There are of course a huge range of challenges that you encounter almost daily when running a startup, however I wouldn’t enjoy what I was doing if I wasn’t challenged!
Can you give us an idea of a few day to day challenges you have faced recently and how you overcame them?
Part of the challenge of running your own business is delegating tasks! When everything lands at my door as it did this Monday morning, it’s key to have a strong team to fall back on to pass tasks to. Additionally, you have to watch that you are not keeping tasks for yourself that are the ‘enjoyable tasks’, they actually may not be that important, or I may not be there best person to do them! One example is sending my CTO instead of myself to the Mobile World Congress in Barcelona – I would have loved to go but I knew my time was best spent with my team and my customers.
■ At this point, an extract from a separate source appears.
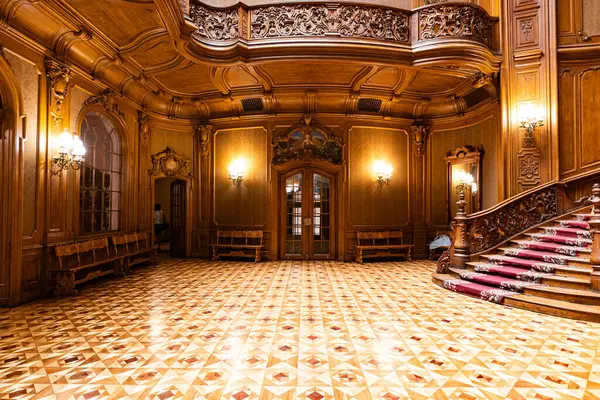 Lviv, Ukrayna - 22 Ağustos 2024: Lviv Bilim Adamları Evi (eski soylu kumarhane))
Can you tell us more about raising funding for your development? How did this deal come about?
That particular deal came about through a mutual contact and many meetings thereafter.
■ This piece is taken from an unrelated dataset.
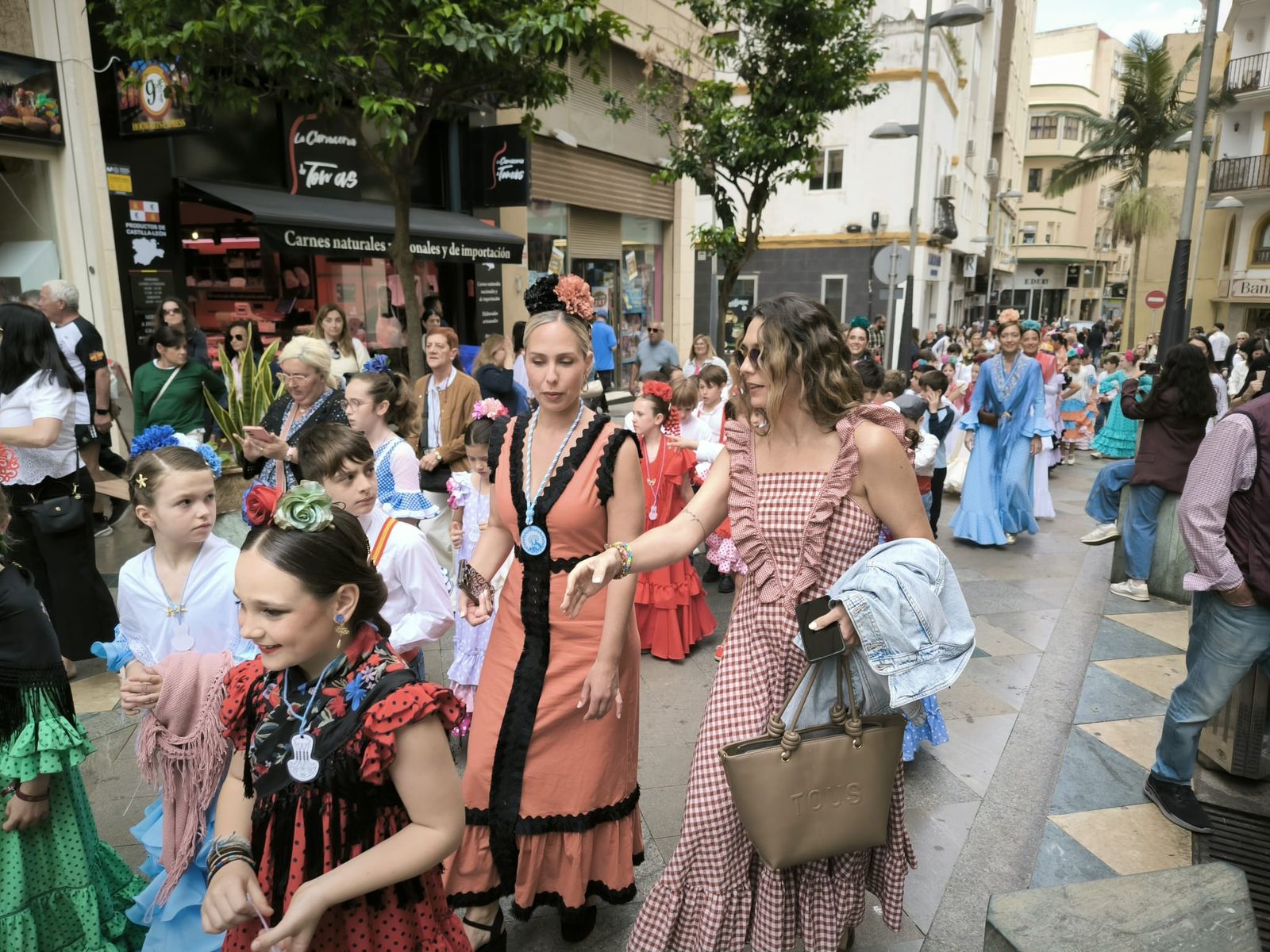 El Colegio La Inmaculada lleva la romería de Los Remedios al centro de Ceuta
Are you now in a position to fund company growth from cash flow or will you be seeking further injections of cash?
We’re currently raising £500k and not long back from California last month.
How did the trip to California go and any updates on the funding side of things?
Our California trip was exciting, we ended up extending our stay for another 2 weeks after getting interest from VC’s. We built up a range of contacts including prospective investors for a Series A round next year and our first US clients – we’re heading back out to set them up with pilots next week. We’ve also just launched a crowdfunding campaign on Seedrs.
How many staff do you now have at Storii and how did the company form? i.e. what positions did you recruit for first then second?
We now have 11 full time staff – I started off by hiring our first two developers who are both still with us today. Finding great staff from the outset is hard to do, but will give you a great foundation to grow from and help build a strong company culture.
So where do you see Storii going from here and what does the future hold for the company development?
Our long term goal ultimately is being the go to and respected brand for care insight and software provision in the sector. We’ll grow our base in the UK and expand across the US in the coming 12 months – we’ll go where there’s demand, which right now seems to be across the board!